One of a handful of New Jersey elected officials who supported the Arizona senator at the start of the Republican primary, Baroni goes back nearly ten years with McCain. He left his job at a law firm in 1999 to try to help his candidate land the Republican nomination in 2000.
The New Jerseyan accompanied McCain on the campaign trail throughout Michigan, South Carolina and California. They eventually lost to Texas Gov. George W. Bush, but McCain and Baroni forged a political relationship.
"I found him to be an extraordinary American," Baroni said of the U.S. Senator who didn’t forget him, and in 2003 taped a phone call and wrote a letter of support for the budding GOP legislator, then lent his presence to a "vote Baroni" television commercial in 2005.

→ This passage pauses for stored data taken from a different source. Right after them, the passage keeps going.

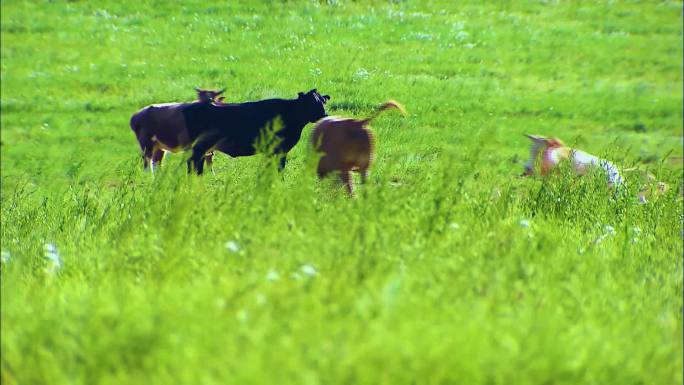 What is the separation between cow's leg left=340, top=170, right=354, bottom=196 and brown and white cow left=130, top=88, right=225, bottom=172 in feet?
5.81

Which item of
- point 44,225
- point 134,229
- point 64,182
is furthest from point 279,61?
point 134,229

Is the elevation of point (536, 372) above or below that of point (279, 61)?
above

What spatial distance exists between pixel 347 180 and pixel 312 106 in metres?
0.95

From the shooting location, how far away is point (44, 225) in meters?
6.05

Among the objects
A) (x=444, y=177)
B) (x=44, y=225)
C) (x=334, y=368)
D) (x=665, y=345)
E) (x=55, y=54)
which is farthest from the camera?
(x=55, y=54)

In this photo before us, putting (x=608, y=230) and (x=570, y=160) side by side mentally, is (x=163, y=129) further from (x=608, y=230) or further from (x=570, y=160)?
(x=608, y=230)

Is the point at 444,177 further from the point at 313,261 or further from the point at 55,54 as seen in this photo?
the point at 55,54

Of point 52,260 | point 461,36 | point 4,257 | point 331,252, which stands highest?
point 331,252

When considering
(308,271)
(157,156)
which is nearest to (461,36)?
(157,156)

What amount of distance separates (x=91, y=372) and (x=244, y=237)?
1.38 m

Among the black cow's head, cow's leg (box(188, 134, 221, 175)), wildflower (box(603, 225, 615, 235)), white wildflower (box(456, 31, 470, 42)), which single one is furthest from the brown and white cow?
white wildflower (box(456, 31, 470, 42))

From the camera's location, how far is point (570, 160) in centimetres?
702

Now a freshman state senator, Baroni never considered another candidate for president in 2008. "It wasn’t even close," he said. "If he didn’t do well, I figured I’d go down with the ship."
With Bush’s troubled presidency now behind the country, Baroni finds himself staring up at a potential Democratic Party juggernaut in his home state come Nov. 4, ready to swamp the man who in his private moments might make the case that he went to political war in a national election against Bush before anyone.
Baroni maintains that the McCain campaign has a shot in New Jersey, despite Republican losses at the presidential level going back to 1992. Also stoking the Democrats is the post-Bush political terrain, which shows GOP congressional candidates in mid-summer financial turmoil, McCain's own dismal fundraising compared to Obama nationally, where the Arizona Republican lagged in the last quarter: $22 million to $52 million, and thousands newly registered Dems.
Still, Baroni says, it’s no automatic beat down for his rivals, and the polls at least bear that out.
A Strategic Vision poll released last Friday shows Sen. Barack Obama (D-Il) cresting over McCain here, 47-38%, with 15% undecided.
Democrats close to the Obama campaign confidently point out that New Jersey doesn’t even crack the top 35 states in terms of where McCain’s adversary means to concentrate general election forces and resources.
But Baroni said there are two pieces of evidence for why he believes his political foes do not - and should not - consider Jersey simply a blue state gift.
"First, Sen. McCain has made appearances in New Jersey five times - not for fundraising events, but for political events," Baroni said. "Second, one of the top political thinkers I’ve ever worked with is the Obama Campaign’s state director."
The reference is to Patricia Mueller, a political operative with the Carpenters’ Union and the Obama campaign’s state director.
"This is a top talent, and not just for New Jersey," said Baroni. "They could have put anybody in there if they weren’t serious about New Jersey, and they didn’t. She’s a brilliant political strategist. We are facing an extraordinary opponent."
Despite that one mind-numbing figure for Republicans from the same Strategic Vision poll - a President George W. Bush job approval rating of 15% - McCain cut from the administration on climate change and on America’s early prosecution of the war in Iraq, Baroni notes.
"I think people know Sen. McCain’s been independent of the White House," said the state chairman, but whether it will be enough to beat what Democrats foresee as a blue state uprising, he will only say it’s going to be a battle, and not an unstoppable onslaught.